▶ Supplied data

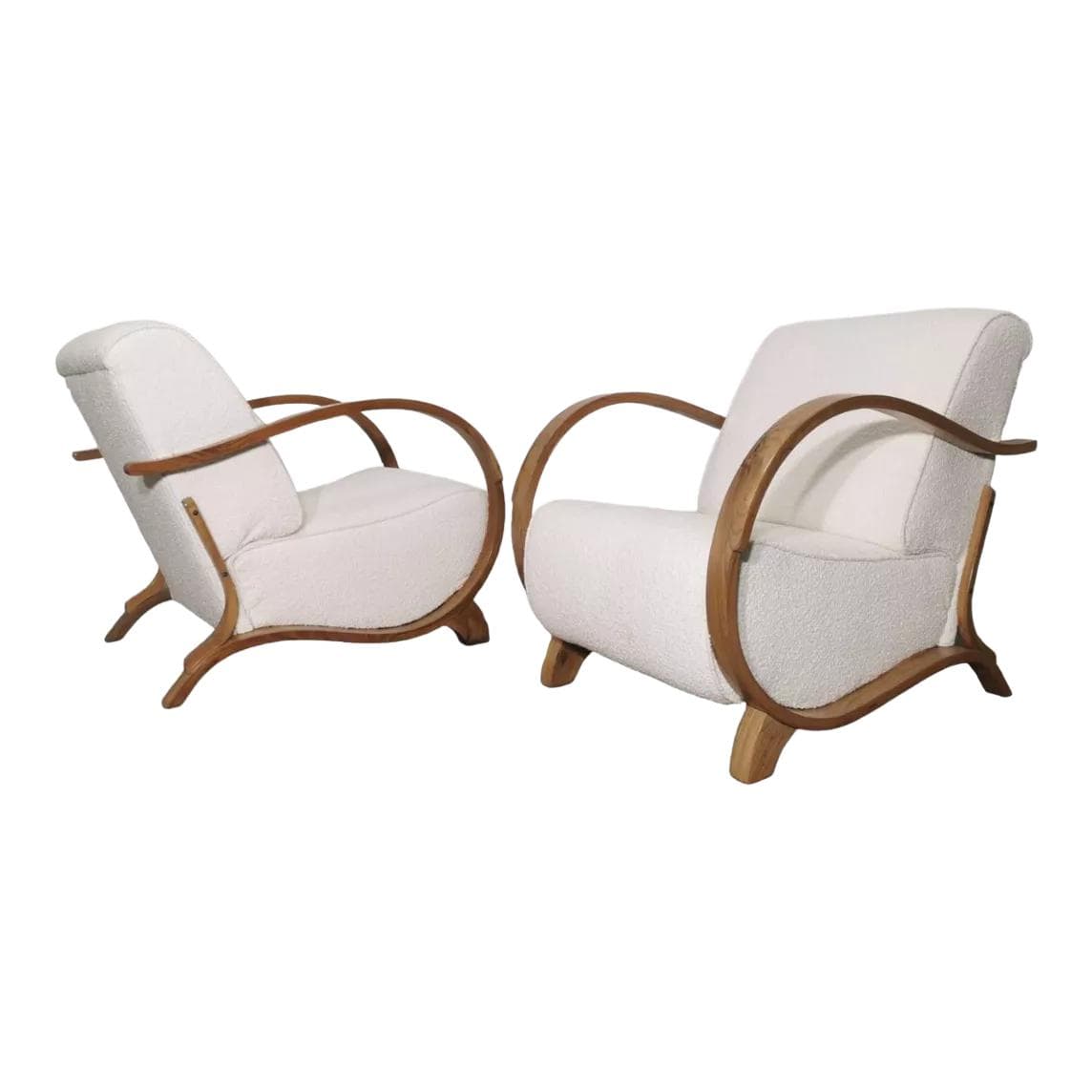 Pair of armchairs, honey wood, ivory bouclé, by J. Halabala, UP Závody, Czechoslovakia, 1960s.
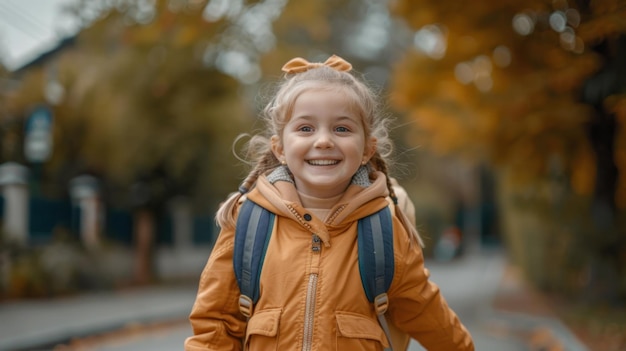 Vreugdevol kind dat met een rugzak naar school rent met de energie van een nieuwe dag AI Generative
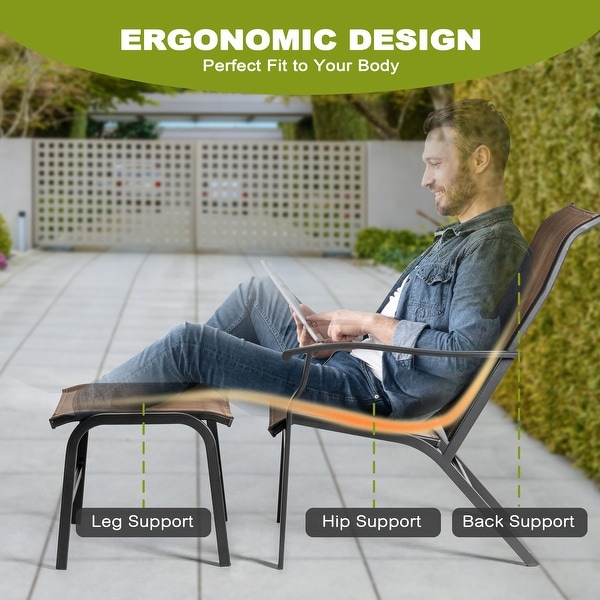Nuu Garden Patio AllWeather Textilene Lounge Chair with Ottoman,Brown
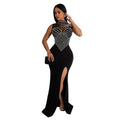 Mesh Rhinestone Sleeveless Maxi Dress
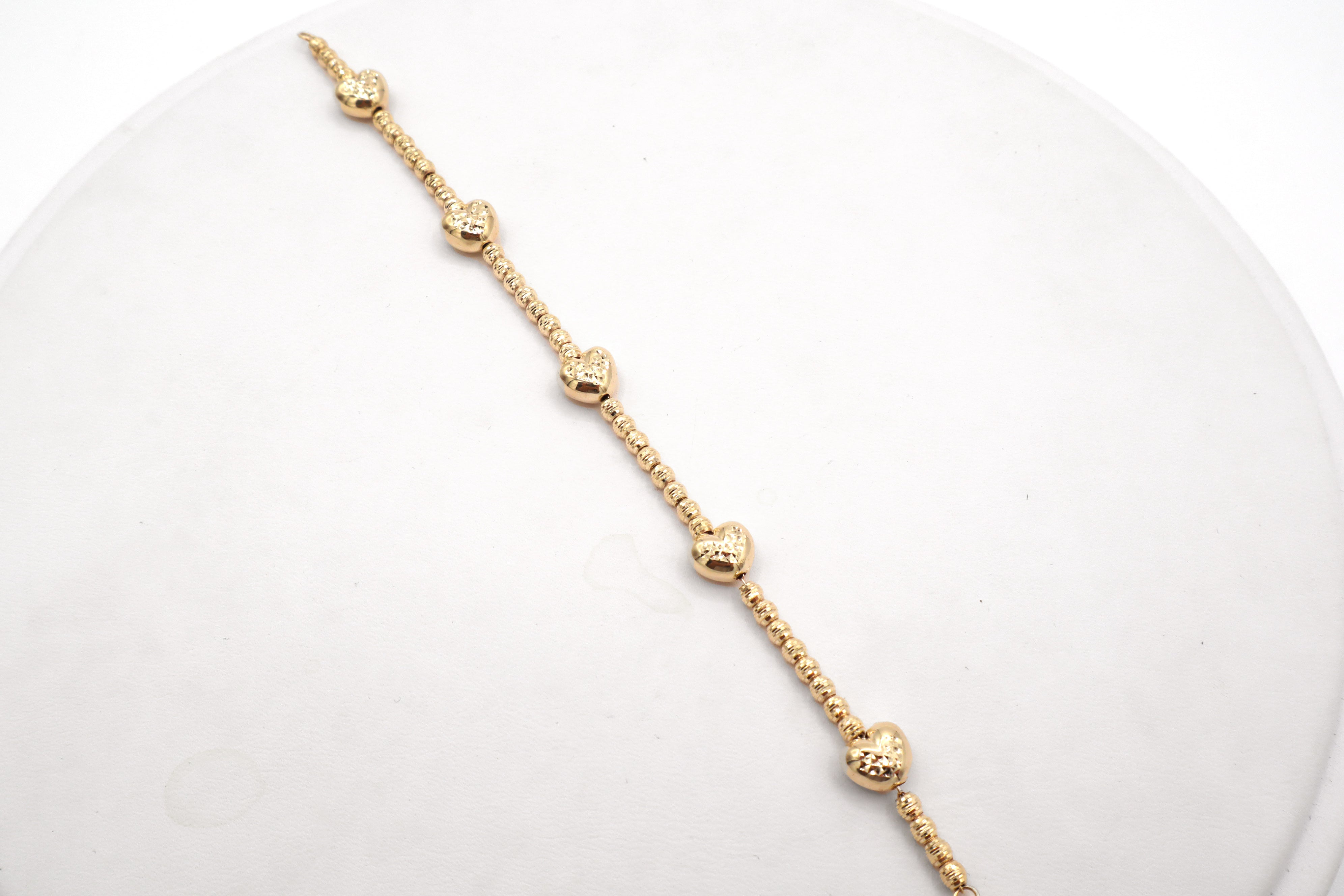 5 little Moon Cut heart charms 14K Gold Bracelet-STF DIAMONDS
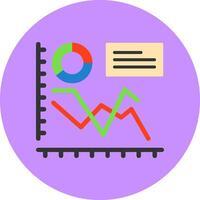 Line chart Flat Circle Icon Style vector
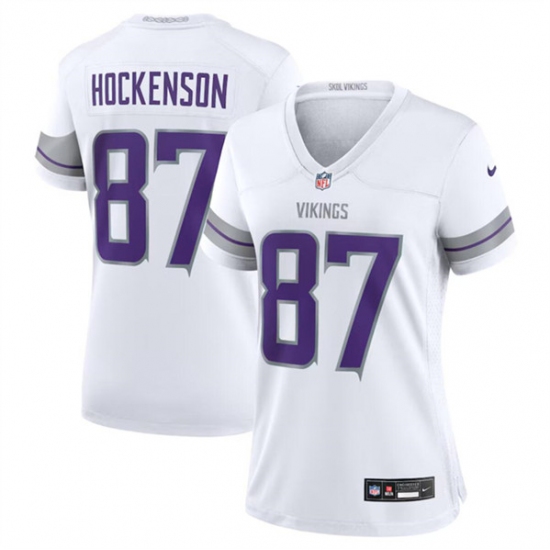 Women's Minnesota Vikings #87 T.J. Hockenson White Winter Warrior Limited Football Stitched Jersey - Ujersey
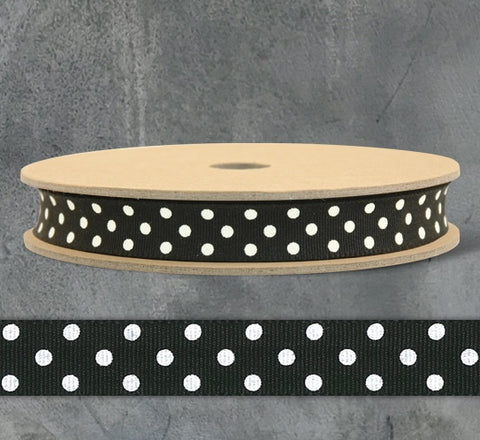 Ribbon by the Metre - Black with Cream Dots 9167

▶ Problem requirements
Output, exactly, all the records above; include no pictures.

▶ Solved exercise
 Pair of armchairs, honey wood, ivory bouclé, by J. Halabala, UP Závody, Czechoslovakia, 1960s.
 Vreugdevol kind dat met een rugzak naar school rent met de energie van een nieuwe dag AI Generative
Nuu Garden Patio AllWeather Textilene Lounge Chair with Ottoman,Brown
 Mesh Rhinestone Sleeveless Maxi Dress
 5 little Moon Cut heart charms 14K Gold Bracelet-STF DIAMONDS
 Line chart Flat Circle Icon Style vector
 Women's Minnesota Vikings #87 T.J. Hockenson White Winter Warrior Limited Football Stitched Jersey - Ujersey
 Ribbon by the Metre - Black with Cream Dots 9167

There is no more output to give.